Published: September 21, 2004

WASHINGTON, Sept. 21 ? President Bush defended his decision today to wage war against Iraq, telling the United Nations that the country will be a beacon of freedom in the Middle East and that liberty-loving nations should not falter in the face of terrorism.

"The advance of freedom always carries a cost," Mr. Bush told the United Nations General Assembly in New York City after acknowledging that more terrorist incidents are a virtual certainty in both Iraq and Afghanistan.

In a 25-minute address, the president did not allude to his own sometimes fractious relationship with the international organization, especially his decision to invade Iraq and topple the regime of Saddam Hussein without the backing of the United Nations Security Council.

But Mr. Bush said that the demise of the old Baghdad dictatorship had released the people of Iraq from years of cruelty and oppression, and that not just Iraqis but people throughout the Middle East would benefit.

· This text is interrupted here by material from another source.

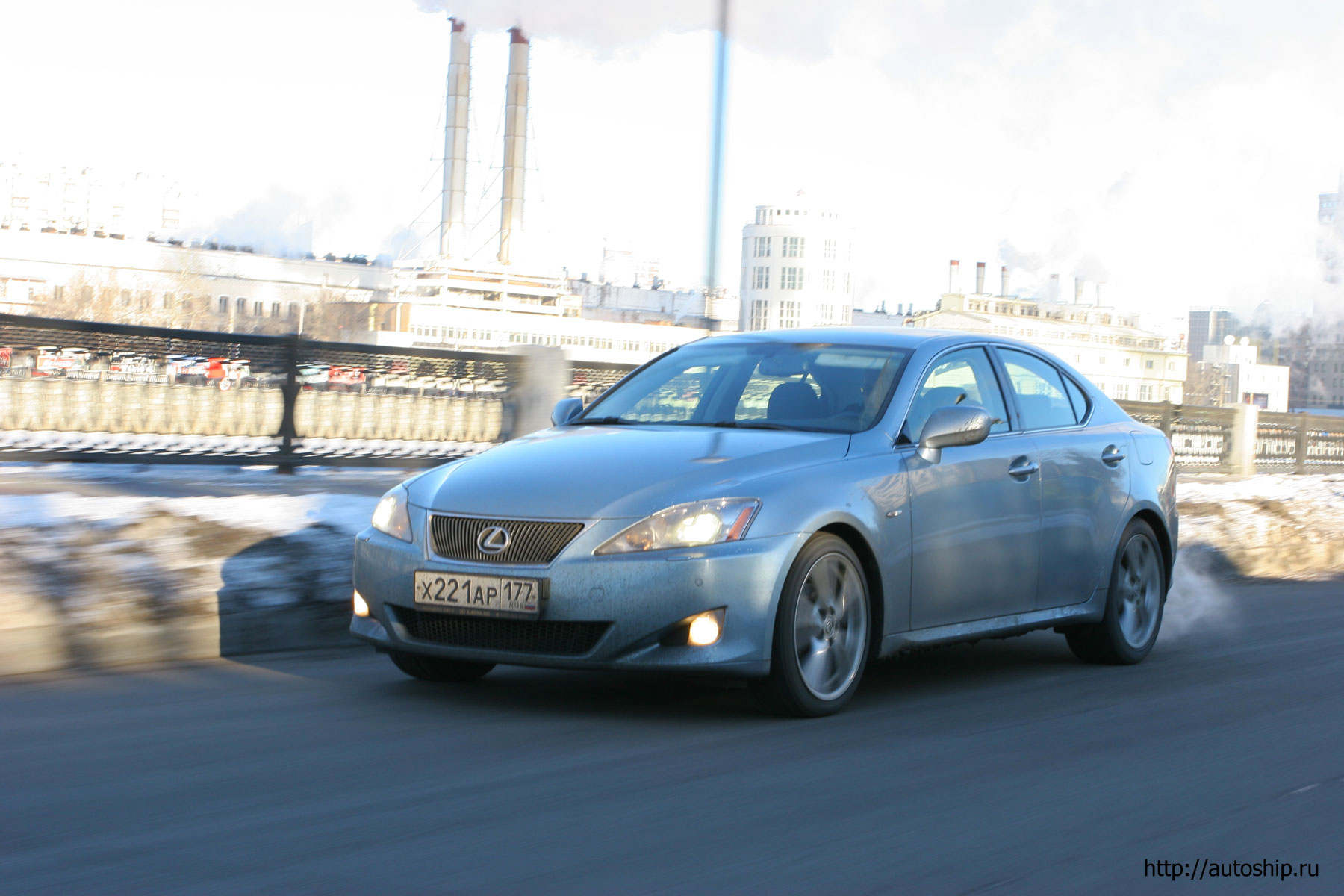 lexus is250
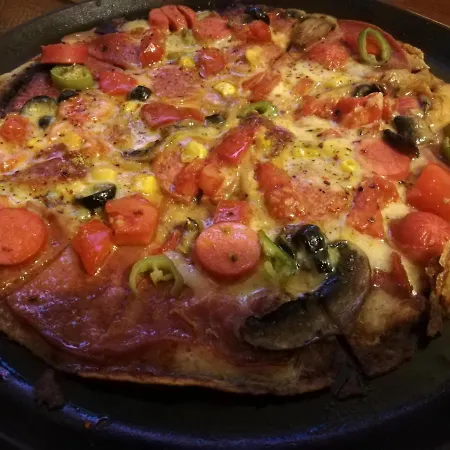 Comfortable, Clean, Tasty, Close To Koc University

The president, who earlier in his administration challenged the United Nations to be more muscular or resign itself to being little more than an international debating society, took a much different tone today.

"The American people respect the idealism that gave life to this organization," he said. "And we respect the men and women of the U.N., who stand for peace and human rights in every part of the world."

Declaring that "we all have a stake in the success of the world's newest democracies," Mr. Bush urged the United Nations to do more to help build an Iraq that is "secure, democratic, federal and free."

Mr. Bush, whose address was answered by respectful applause, broke no startling new ground. But his speech was widely viewed as important because of its timing. Iraq's interim prime minister, Ayad Allawi, will address the United States Congress on Wednesday, and some members have voiced grave doubts about the course and the cost of the peace-keeping campaign in his country.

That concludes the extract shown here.